×

新型コロナ関連

どんな治療が行われるか

2020年4月9日付

■対症療法で症状緩和/免疫によるウイルス排除待つ

厚生労働省によると、新型コロナウイルスに有効な治療薬は現時点で確立されておらず、検査で陽性だった場合、熱やせきなどの症状の緩和をめざす対症療法を受けながら、患者本人の免疫によって同ウイルスが排除されるのを待つことになります。故に、外出自粛などによって、感染を未然に防ぐことが何よりも重要です。

対症療法の多くは必ずしも入院で行う必要がないため、ウイルス検査で陽性になっても、高齢でない人で、軽症・無症状で糖尿病などの基礎疾患がないなら、自宅やホテルなどで療養する場合もあります。これは、肺炎を起こして、呼吸が困難になるなど重症化した人のための病床を確保するためでもあります。
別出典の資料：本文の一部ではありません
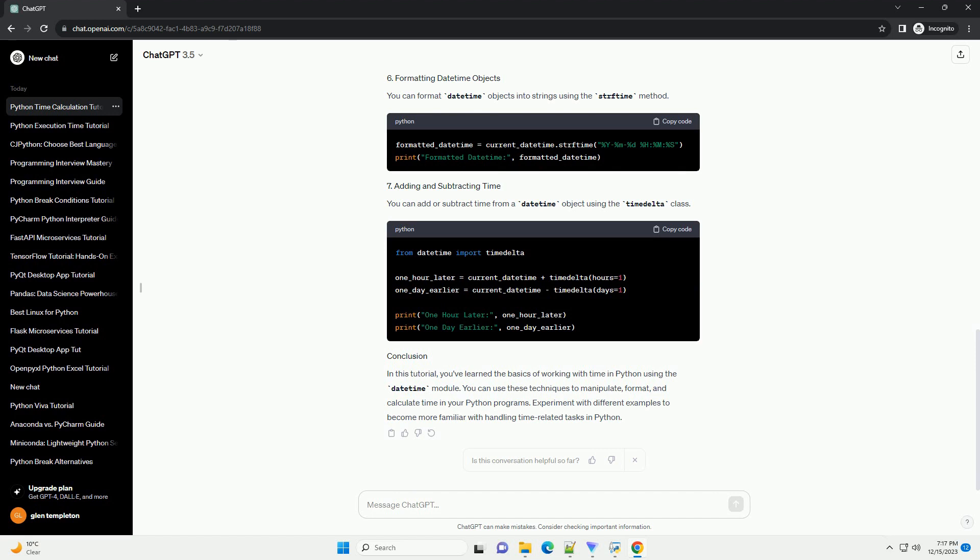In this tutorial, you've learned the basics of working with time in Python using the DateTime module. You can use these techniques to manipulate, format, and calculate time in your Python programs. Experiment with different examples to become more familiar with handling time-related tasks in Python.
重症化した場合は、鼻や口を介して酸素を投与したり、酸素を肺に送り込む人工呼吸器を装着したりします。さらに重くなり、酸素を肺から十分に取り込めなくなった場合は、「ECMO」と呼ばれる体外式膜型人工肺を使って血液中に酸素を加えて肺の機能を代行させます。

重症患者の肺の役割を果たすテルモの体外式膜型人工肺(ECMO、エクモ)=6日 東京・新宿区
重症患者の肺の役割を果たすテルモの体外式膜型人工肺(ECMO、エクモ)=6日 東京・新宿区

治療法の確立に向けて、世界の製薬企業や研究機関などが新薬・ワクチン開発を進めていますが、時間がかかります。そこで、既存の薬を転用するための臨床試験も始まっており、その成果が期待されます。

中国などの重症例では、ウイルス性肺炎だけでなく、細菌性肺炎や、肺を標的にした過剰な免疫反応により急性呼吸窮迫症候群(ARDS)を併発し、死亡する例も少なくありません。

そこで公明党の対策本部は3日、医療を巡る提言を国会内で稲津久厚労副大臣(公明党)に申し入れ、重症肺炎患者の命を守る観点から、抗ウイルス薬に偏ることのない治療方針を定めることを提唱。抗生物質も含めた国産の治療薬やワクチンについて、研究開発を加速化し確保するよう要請しています。